Task directions
Look below for the line that has "Valentines Tie Dye Cookies"; output exactly from it through the line that has "آیکون های مسطح", and leave the pictures out.

Given records
^^^^^^^^

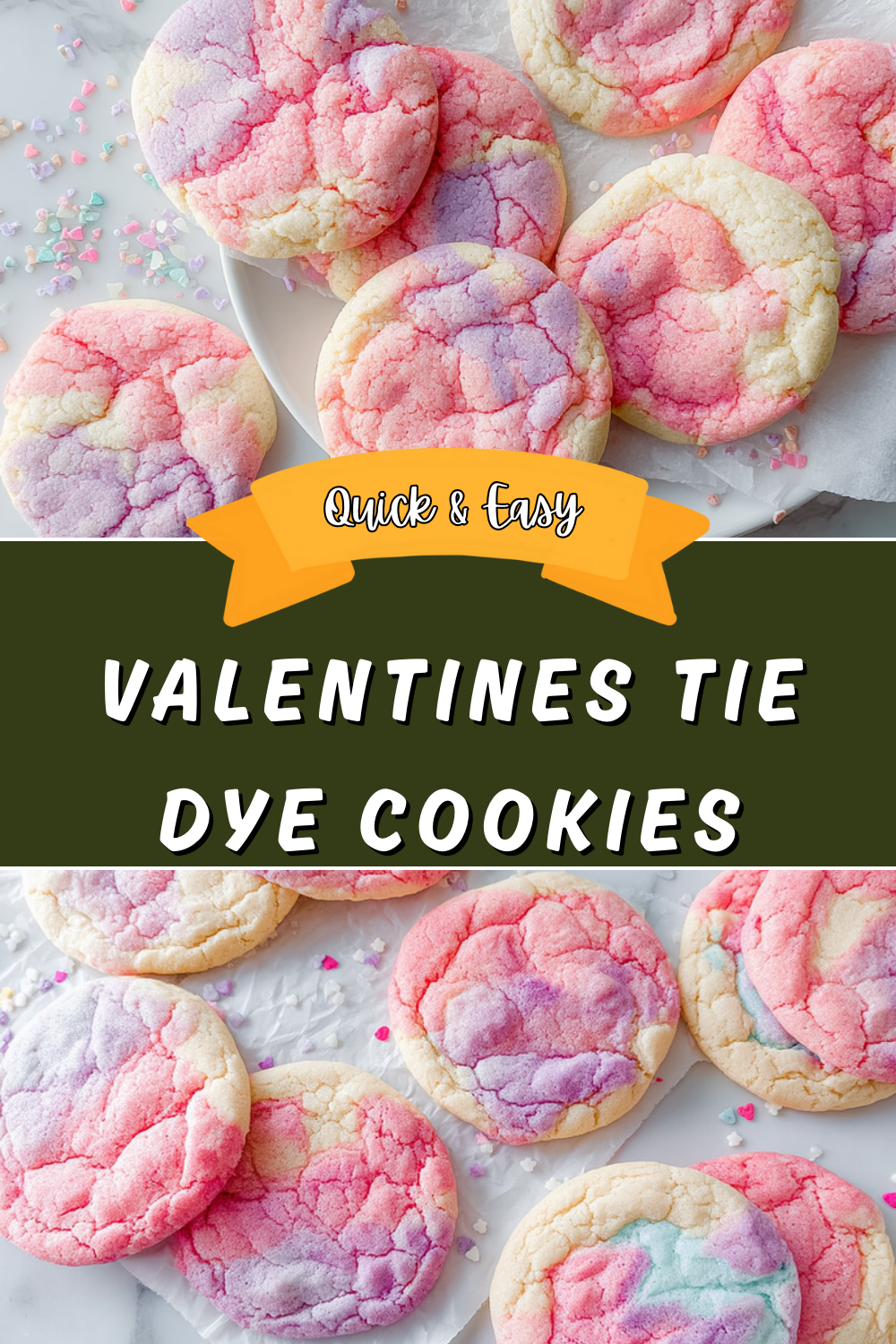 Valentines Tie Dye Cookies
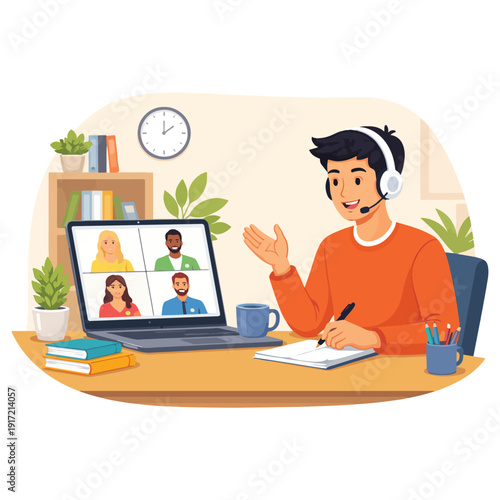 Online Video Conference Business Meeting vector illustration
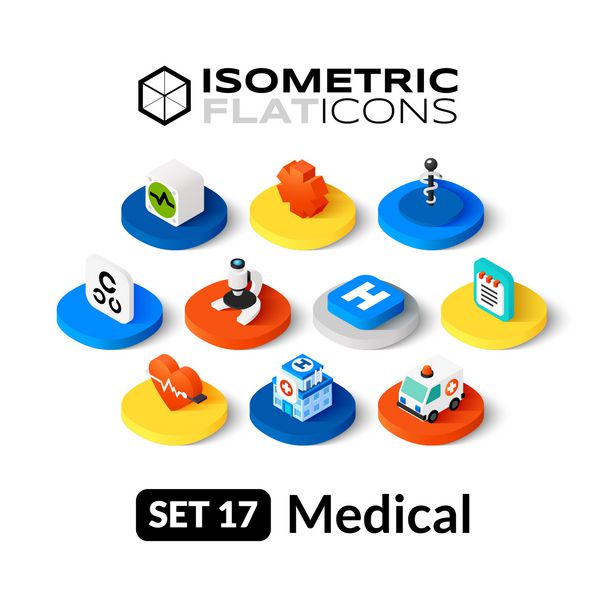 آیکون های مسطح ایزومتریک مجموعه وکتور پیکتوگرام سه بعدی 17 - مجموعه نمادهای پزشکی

^^^^^^^^

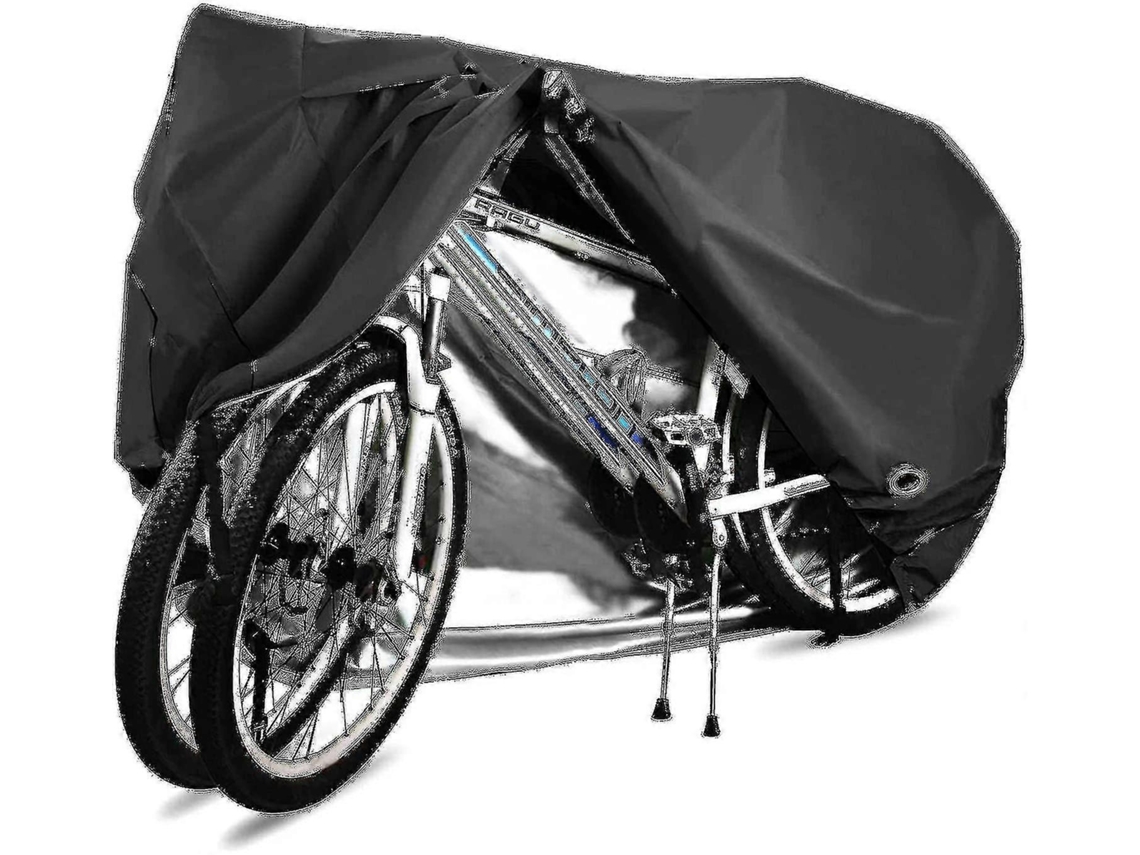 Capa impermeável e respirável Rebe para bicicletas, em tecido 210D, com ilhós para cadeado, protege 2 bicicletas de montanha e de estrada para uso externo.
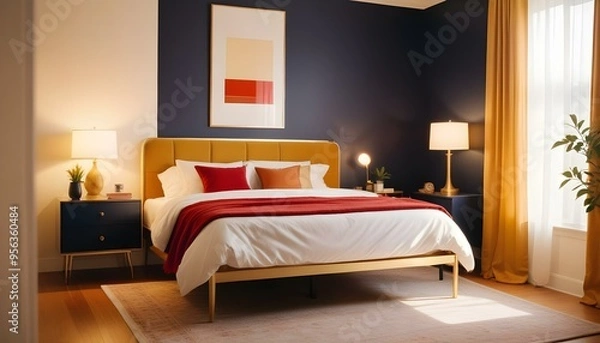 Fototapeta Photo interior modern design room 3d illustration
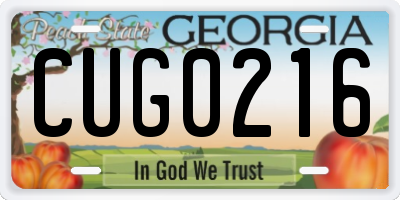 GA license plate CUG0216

^^^^^^^^

Task result
 Valentines Tie Dye Cookies
 Online Video Conference Business Meeting vector illustration
 آیکون های مسطح ایزومتریک مجموعه وکتور پیکتوگرام سه بعدی 17 - مجموعه نمادهای پزشکی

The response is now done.